Ich versteh deine Argumentation, muss aber trotzdem konkret bleiben und einwenden:
- Die Summe *aller* bei Kollisionen mit PKW in Deutschland getöteten Radfahrer beträgt im Mittel in den letzten 5 Jahren 145 p.a.
- Davon fallen lediglich 70 innerhalb von "Städten" (also Orten mit >5.000 Einwohnern) Kollisionen mit PKW zum Opfer
- Von diesen 70 Zusammenstößen wird ungefähr die Hälfte durch grobe Fahrfehler der Radfahrer verursacht, indem sie den Vorrang des fließenden Verkehrs bei Fahrbahnüberquerungen nicht ausreichend beachten oder Vorfahrtfehler (Rotlichverstoß, Z.205 bzw. rechts-vor-links nicht beachtet) begehen.
- Auch unter den verbleibenden 35 Unfällen (u.a. durch Fehler beim Linksabbiegen, Einfahren in die Fahrbahn) gibt es weitere Fälle von Hauptschuld beim Radfahrer.
- Von den Fällen, bei denen überhaupt eine Schuld des KFZ-Führers in Frage kommt, werden jedenfalls nur 3 p.a. durch rechtsabbiegende PKW verursacht.
IMO muss die Autoindustrie gar nicht groß daran arbeiten, die Unfallgefahr durch PKW zu relativieren.
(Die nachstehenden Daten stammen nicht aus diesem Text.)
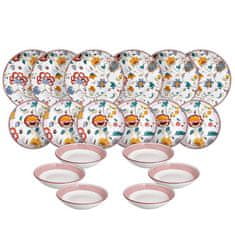 Andrea Fontebasso 18-delni set krožnikov Kimono / porcelan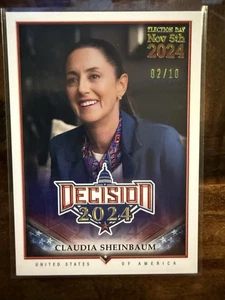 Decision 2024 Claudia Sheinbaum #70 Election Day Rainbow Foil Update #'d /10 - Picture 1 of 3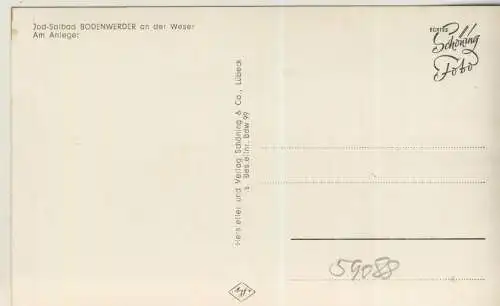 Jod-Solbad Bodenwerder an der Weser - Am Anleger - Strandhotel - von 1954 (AK59088)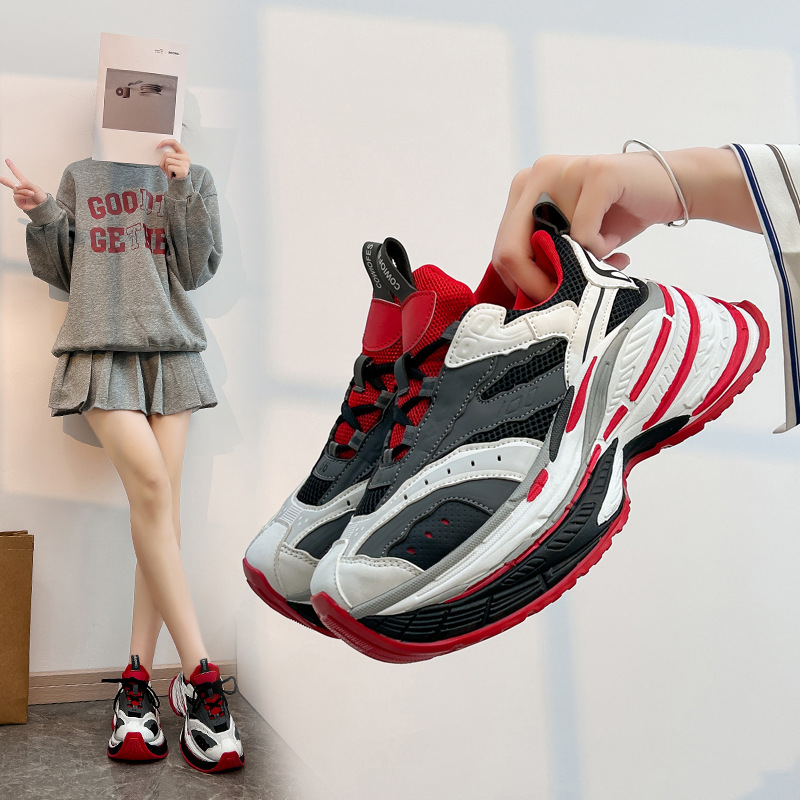 Women's autumn mesh low cut casual sports shoes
Sie ist objektiv gesehen relativ klein.
Selbstverständlich sind die Getöteten immer nur die Spitze eines Eisberges, und die Betrachtung des Gesamtunfallgeschehens führt zu wesentlich beeindruckenderen Fallzahlen. Allerdings ist das eigentümliche bei Eisbergen, dass große Eisbergspitzen große Sockel besitzen, und kleine Eisberge auch nur kleine Sockel unter der Wasseroberfläche aufweisen...
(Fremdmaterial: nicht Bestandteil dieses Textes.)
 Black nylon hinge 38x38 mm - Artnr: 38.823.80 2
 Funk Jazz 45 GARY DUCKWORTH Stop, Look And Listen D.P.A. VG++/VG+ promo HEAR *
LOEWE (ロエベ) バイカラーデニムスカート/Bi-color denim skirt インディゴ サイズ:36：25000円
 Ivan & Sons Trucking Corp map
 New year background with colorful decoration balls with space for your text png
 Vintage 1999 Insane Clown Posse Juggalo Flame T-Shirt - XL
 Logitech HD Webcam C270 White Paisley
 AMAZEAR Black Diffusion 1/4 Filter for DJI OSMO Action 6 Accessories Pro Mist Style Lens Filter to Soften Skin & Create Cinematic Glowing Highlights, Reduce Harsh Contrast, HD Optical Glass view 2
Disclaimer: dass der Schuldanteil der Radler (gerade bei den besonders schweren Unfällen) recht hoch liegt, bedeutet nicht, dass man nicht an einer signifikanten Entschleunigung des KFZ-Verkehrs zu arbeiten bräuchte. Langsamere KFZ bedeuten ja nicht nur weniger Radunfälle mit Autofahrerschuld, sondern allgemein weniger Unfälle - also auch bei Fremdverschulden, und das auch und gerade mit nicht-radelnden Verkehrsteilnehmern.